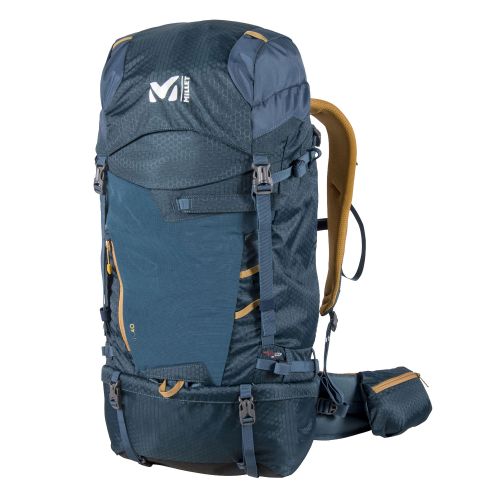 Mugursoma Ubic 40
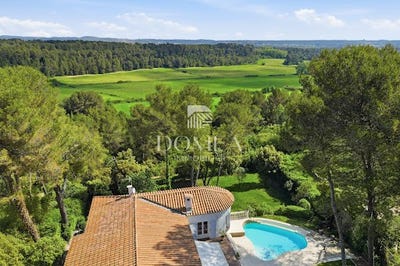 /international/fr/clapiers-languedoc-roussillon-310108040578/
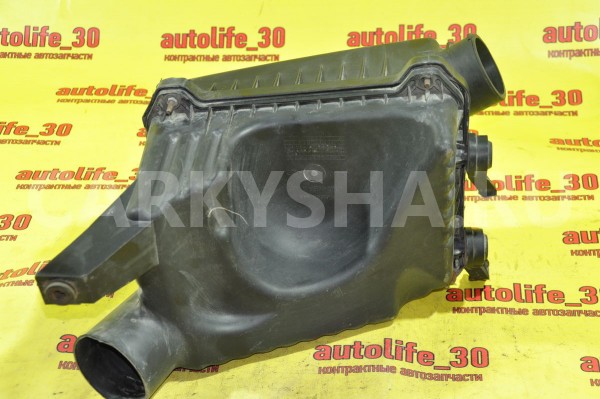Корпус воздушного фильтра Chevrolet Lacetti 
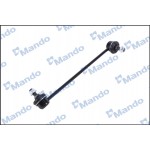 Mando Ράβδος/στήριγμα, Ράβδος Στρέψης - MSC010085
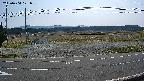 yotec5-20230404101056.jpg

-=-=-

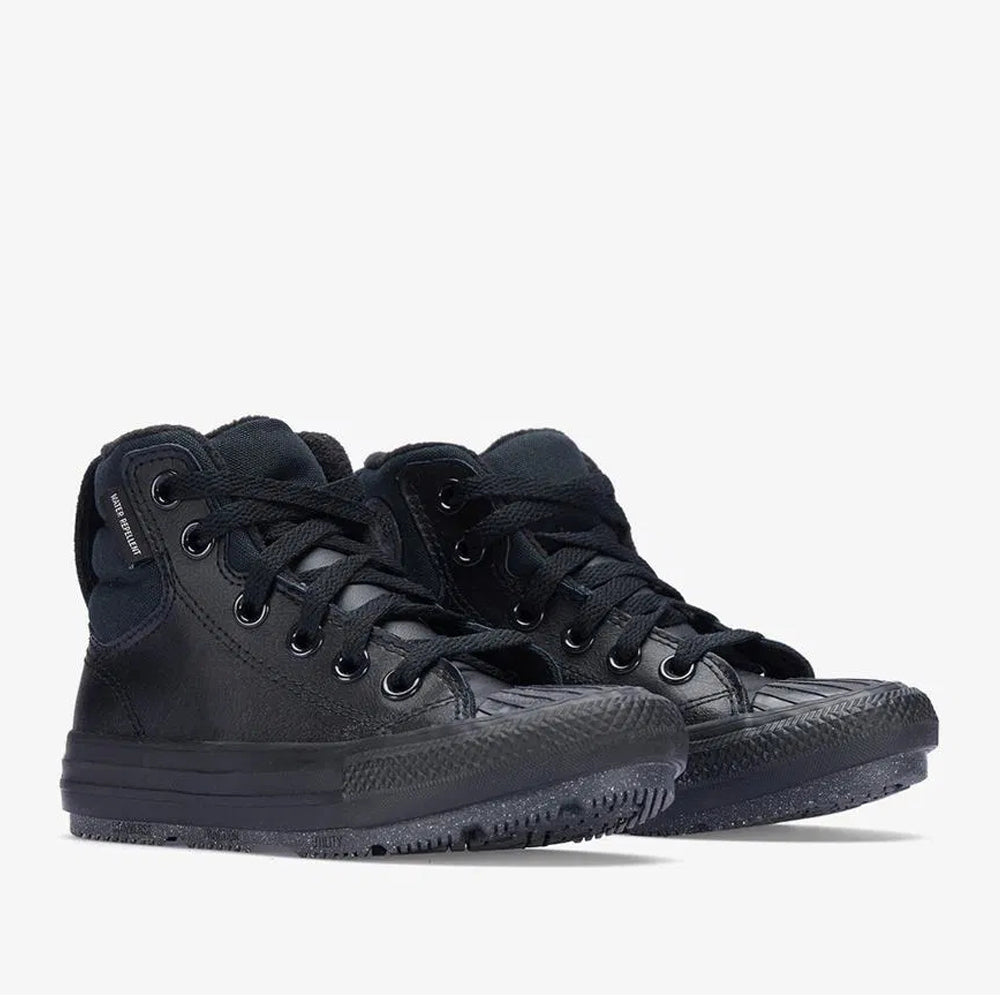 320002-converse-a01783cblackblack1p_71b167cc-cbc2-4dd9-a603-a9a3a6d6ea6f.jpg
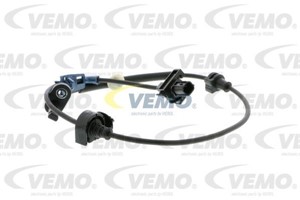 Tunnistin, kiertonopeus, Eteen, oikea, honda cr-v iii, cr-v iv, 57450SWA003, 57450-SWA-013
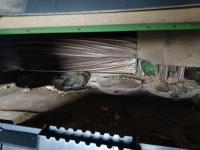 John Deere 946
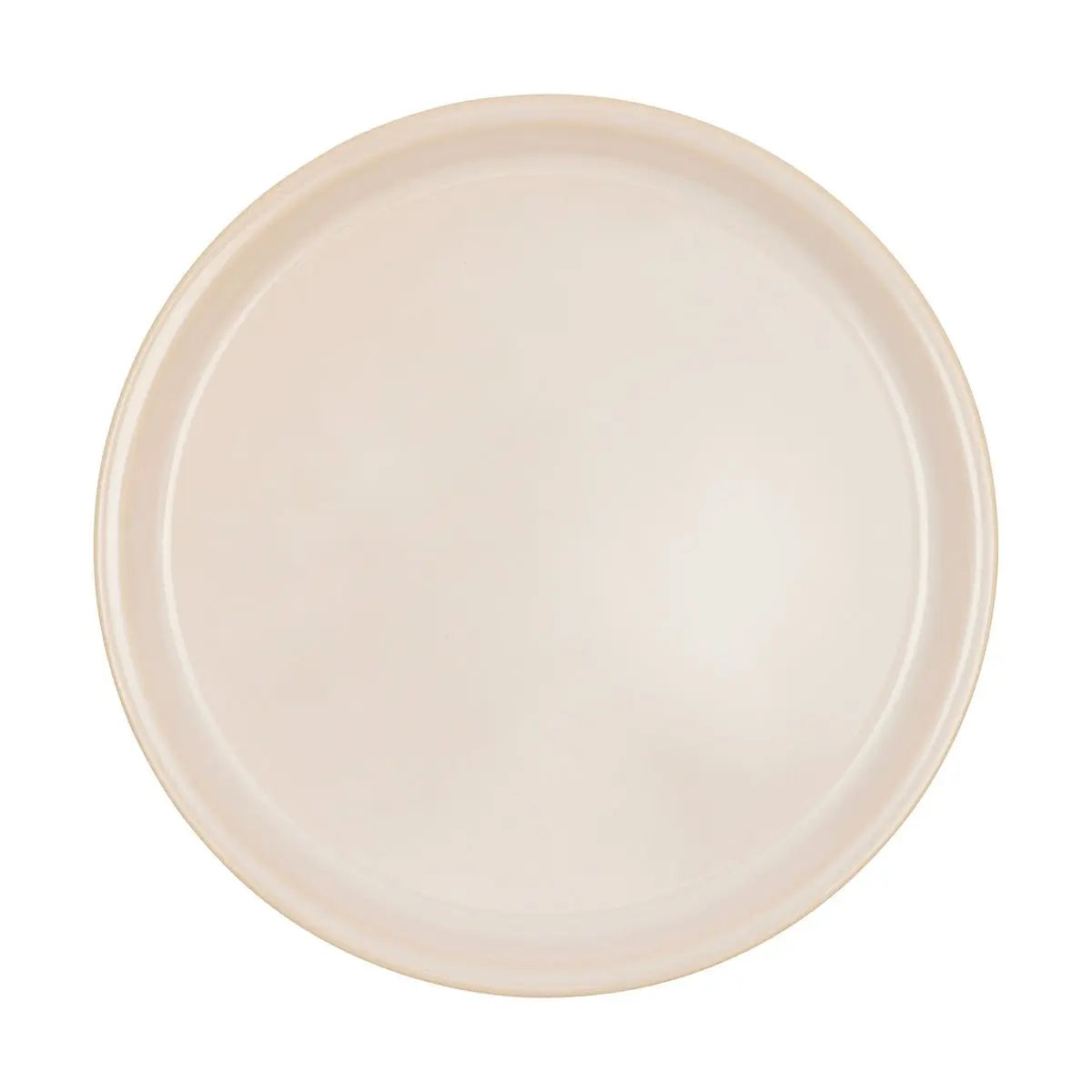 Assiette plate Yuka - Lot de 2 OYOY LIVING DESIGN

-=-=-

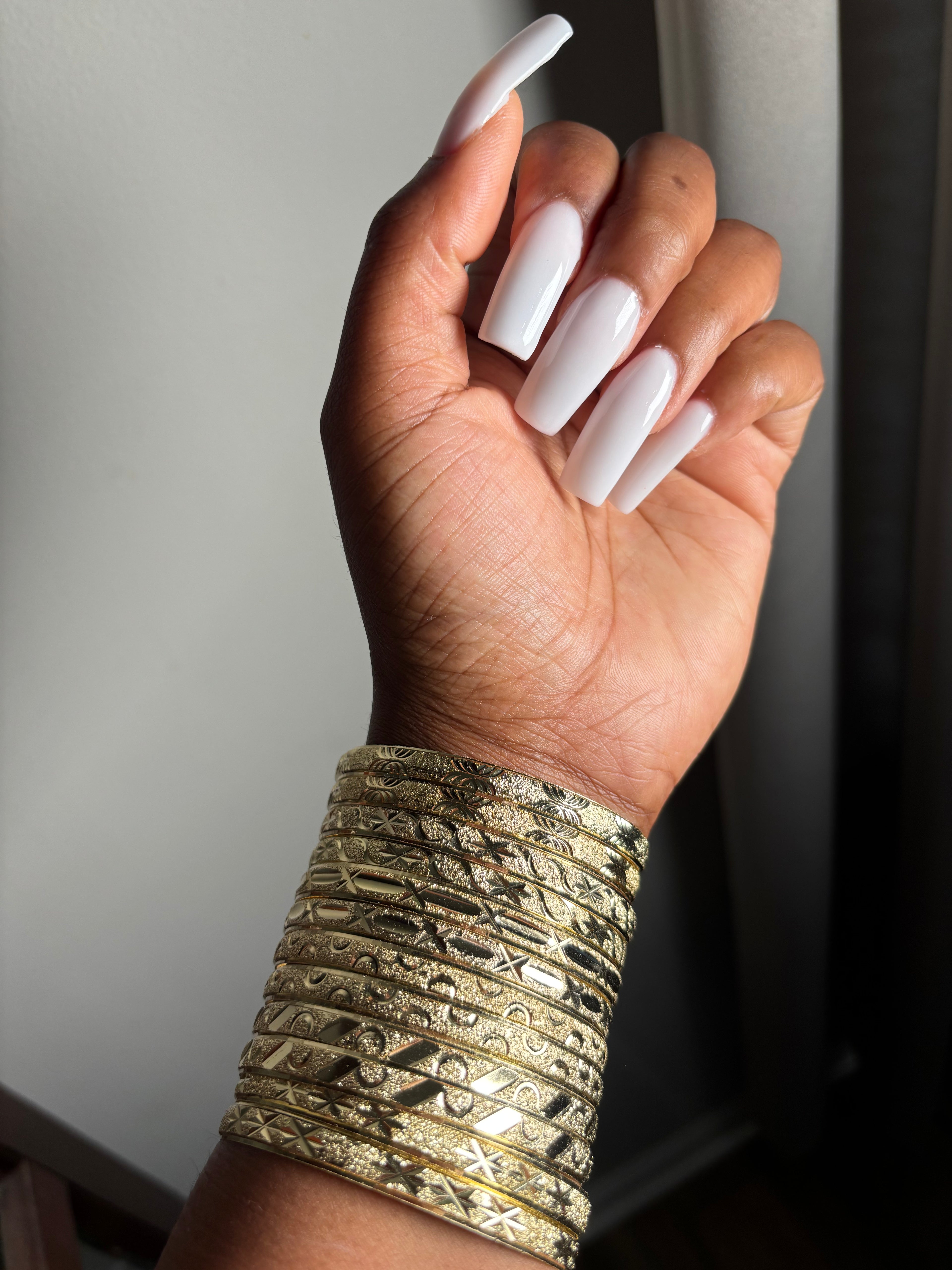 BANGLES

-=-=-

▸ WHAT YOU WILL DO
With pictures omitted, repeat the entries above word for word from the line holding "Mugursoma Ubic 40" down to the line holding "yotec5-20230404101056.jpg", keeping both of those lines.

▸ WRITTEN ANSWER
 Mugursoma Ubic 40
 /international/fr/clapiers-languedoc-roussillon-310108040578/
Корпус воздушного фильтра Chevrolet Lacetti 
 Mando Ράβδος/στήριγμα, Ράβδος Στρέψης - MSC010085
 yotec5-20230404101056.jpg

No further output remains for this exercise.